I enjoyed this, but I had the same issue with it as I did with volume two. (Yes, I read them backwards but I've read them both before anyway, so it doesn't really matter.) The stories themselves, even when in draft form as they often are here, are lovely. I've always liked the story of the Two Trees, and how they're destroyed and transformed, and on their own the stories would get a higher rating from me. Unfortunately they're paired with what is often an excruciatingly pedantic analysis of the history of the writing - and, credit where it's due, that analysis is painstakingly researched and no doubt invaluable for academic work. For the lay reader, however, it can be a bit of a slog.

Four orphaned children find an abandoned boxcar in the woods and decide to make a home there. It is all enormously unbelievable, and of course they get a happy ending when a rich and kind relative comes along, which is just as unlikely I suppose, but still. What makes it likable in all its ludicrousness is that there's very little whining and a lot of cheerful making-do, as they construct beds out of pine needles and scavenge for crockery at the local dump and dam a nearby stream to make a place to bathe. It's not exactly Robinson Crusoe in its ingenuity, but then Crusoe was a miserable bastard who should have stayed lost, and I'd rather have these kids for company any day.

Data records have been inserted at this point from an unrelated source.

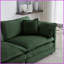 Canapé modulaire modulaire en U avec repose-pieds et salon en chenille vert moderne 5-468612459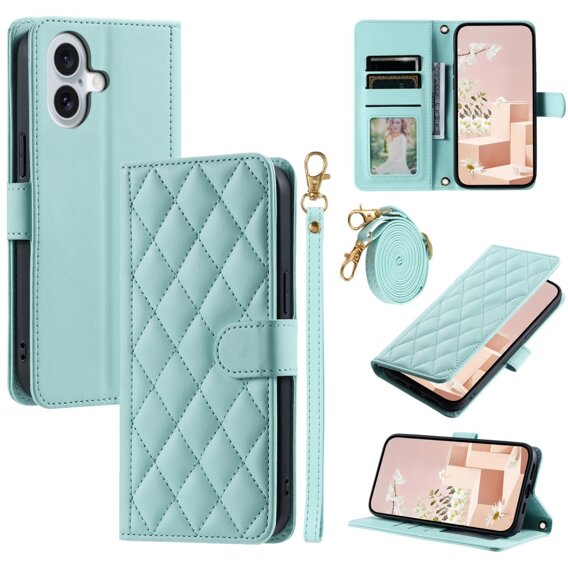 θήκη πτερύγιο για iPhone 16 Plus, Rhombus Crossbody Leather, πράσινη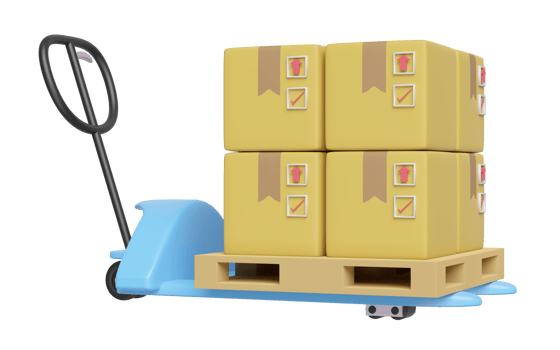 3d blue hand pallet truck with goods cardboard box isolated. 3d illustration render png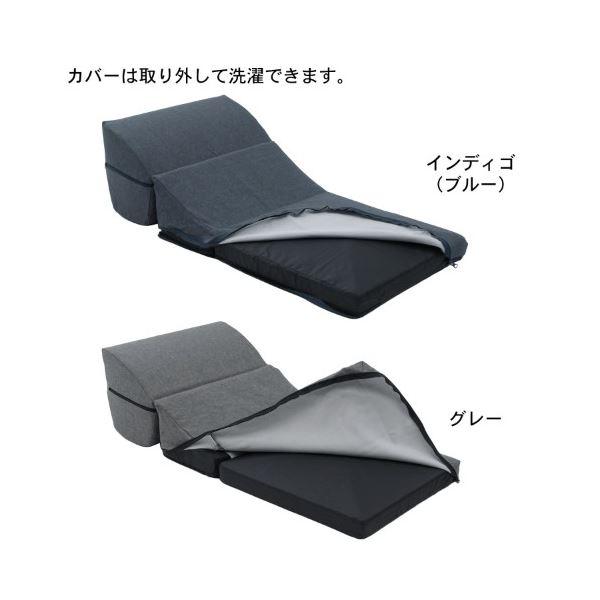 折りたたみ ごろ寝クッション 〔ブルー〕 幅50cm 日本製 洗えるカバー ウレタンフォーム ポリエステル 〔リビング〕の画像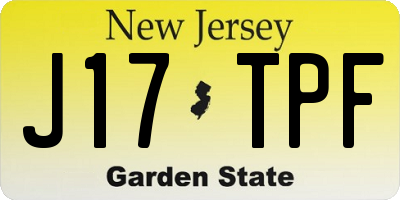 NJ license plate J17TPF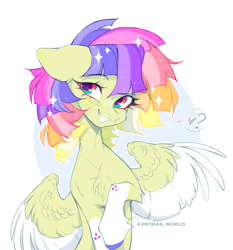 Size: 2700x2900 | Tagged: safe, artist:avroras_world, imported from derpibooru, oc, oc only, pegasus, pony, big ears, bust, circle background, clothes, colored wings, colored wingtips, female, floppy ears, grin, heart, looking at you, mare, multicolored hair, partially open wings, pictogram, question mark, rainbow hair, signature, smiling, smiling at you, socks, solo, sparkles, sparkly mane, speech bubble, two toned wings, wings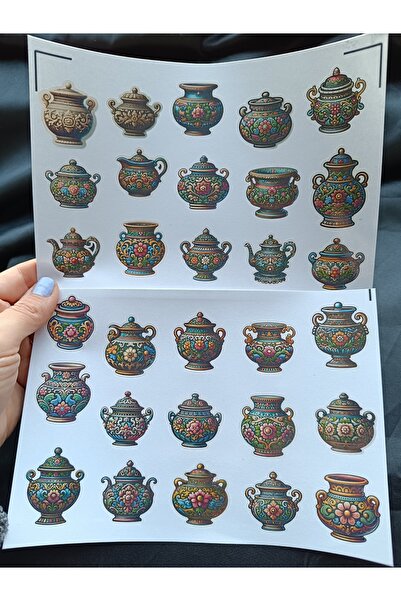 Pink Swan Craft Set naljepnica vintage keramičkih vaza, bullet journal, nalje...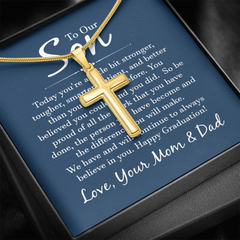 Artisan Cross Necklace with Snake Chain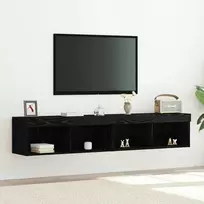 TV staliukas TV spintelių komplektas 2 pcs juoda ąžuolo 80 x 30 x 30 cm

This is certainly a confronting book, and I'm not entirely sure that it deserves the rating I have given it, but then these are subjective things, aren't they? On the side of the good is the plot, which I find interesting - the idea of rehabilitation through lack of free will - and the language, which is excellent. Really, what Burgess does with language is the high point of the story. It's original and fresh and clever and I can't praise it enough. Unfortunately it is also in service of the most disgusting character I've come across for quite some time. I loathed him, and I loathed reading about him. Thankfully, our protagonist is meant to come across as repulsive, and this adds some shades to the debate about choice and free will that's going on in the text. But even so - I hate him so much that, despite the language, and despite the skill of the story-telling, I can't rate this any more than three stars. Even "liking it" is pushing it. I admire A Clockwork Orange, I appreciate what Burgess has done, but that nasty brat is so off-putting that I don't ever want to read it again.

Enjoyable story in which young Li Lan is slated to be married off as a ghost bride. She is not particularly impressed, either with the prospect or with her feckless father, who's so deep in self-indulgent grief for Li Lan's long-dead mother that he's pretty much managed to ruin the prospects of his only child. To make matters worse, not only is the suggested husband dead, he's also a dick. This last wouldn't matter so much if his ghostly form didn't keep coming back to the mortal coil to repulse his bride ever further, but all credit to Li Lan, she does eventually manage to disentangle herself from him and his train wreck of a family. Much of this disentanglement comes out of a lengthy stay in the spiritual realm, working with the dead, but needs must. Anyway, it's nicely written with a likeable protagonist. A couple of the twists (such as the identity of Li Lan's mother) are visible a mile off, however, and the whole subplot with Fan taking over Li Lan's comatose body was a drag on the main storyline, I thought.

A collection of four marginally related novellas, each dealing in some way with the liver. For all the different approaches, though, the tone throughout tends to be one of alcoholism and excess in the modern world, junkies and grubby grotesqueries. Not a particularly pleasant read, and not that interesting either to be honest - it's just so enormously overwrought that wading through all that desperate prose soon becomes plain tedious. With one exception: "Leberknodel". In this, the second of the novellas - and the only one where the prose is so restrained that the narrative becomes cuttingly observant - an elderly woman called Joyce, suffering from liver cancer, takes herself to Switzerland for euthanasia. Except her cancer seems to suddenly be in abeyance, a miracle cure, and Joyce is left in limbo... It's the only story here I enjoyed. On it's own it'd get three stars from me, but as it is "Leberknodel" isn't sufficient to compensate for its companion novellas.